O’Conner was the type of justice that should be on the Supreme Court. She made her decisions based on the law and the Constitution, not on her own ideology. For that reason, she was known as a moderate and was often on the majority side of the fence as she cast the swing votes in a number of important cases, including abortion rights.
Unfortunately, it is unlikely that Bush will replace her with another moderate. It is more likely that her replacement will be a conservative Christian who will decide cases on his own value system, much the way Bush runs the country.
That would be extremely detrimental to our democracy as it might eventually lead to a lessoning of religious tolerance. As Justice David Souter wrote in his remarks in the recent Ten Commandments ruling, “A purpose to favor one faith over another, or adherence to religion generally, clashes with the understanding that liberty and social stability demand a tolerance that respects the religious views of all citizens.”
Bush is under pressure from conservatives to appoint someone with a history of opposing abortion rights. But Bush stated he would select someone who would faithfully interpret the laws and the Constitution.
That would be nice, but what he really meant was he would appoint someone who would faithfully interpret the laws and the Constitution from the perspective of the Bush Administration. He has a strong track record of making such appointments.
Obviously, any president would be tempted to appoint federal justices with an ideological slant similar to their own. That is why there are currently four conservatives and four liberals on the High Court.
But sometimes, a president gets it right. Ronald Reagan was a conservative. Yet he appointed O’Conner in 1981, the first woman to ever sit on the Supreme Court, and a moderate.
Not everyone always agreed with her decisions, including me. That’s not the point. She didn’t decide cases based on popularity of opinion or by referendum of the masses. She seldom tipped her hand in advance of a decision because she wanted to be very deliberate in making it.

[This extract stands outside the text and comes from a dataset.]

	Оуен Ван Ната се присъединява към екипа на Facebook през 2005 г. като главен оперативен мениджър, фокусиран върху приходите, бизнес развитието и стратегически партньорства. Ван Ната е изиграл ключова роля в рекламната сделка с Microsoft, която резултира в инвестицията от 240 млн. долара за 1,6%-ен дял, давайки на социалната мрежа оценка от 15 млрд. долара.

Although in a perfect world, all judges would be completely neutral, we’re not living in a perfect world. Knowing there is no way Bush will ever appoint a moderate, let alone a liberal, even most Democrats are willing to go along with a conservative, at least up to a point.
But if Bush appoints another ultra-conservative to replace a moderate, don’t rule out the possibility of another Senate filibuster.
Bush said that the country deserves a “dignified process of confirmation.” I agree, except that’s just more Bush-speak for “Let me have my way without arguing over it.” The only way we can have a dignified confirmation process is if he appoints someone who is ideologically neutral.
Bush has never had to replace a Supreme Court justice. In fact, it has been 11 years since the last time one was appointed.
He might offer up a surprise nominee. He has taken a lot of flack lately over some of his other appointees, including his choice for U.N. ambassador, John Bolton. He may not be in the mood for yet another confirmation battle.
But don’t look forward to any moderation on Bush’s part. He is one of the most obstinate presidents in decades. So his nominee will probably be an arch-conservative. If so, anything’s possible in the Senate.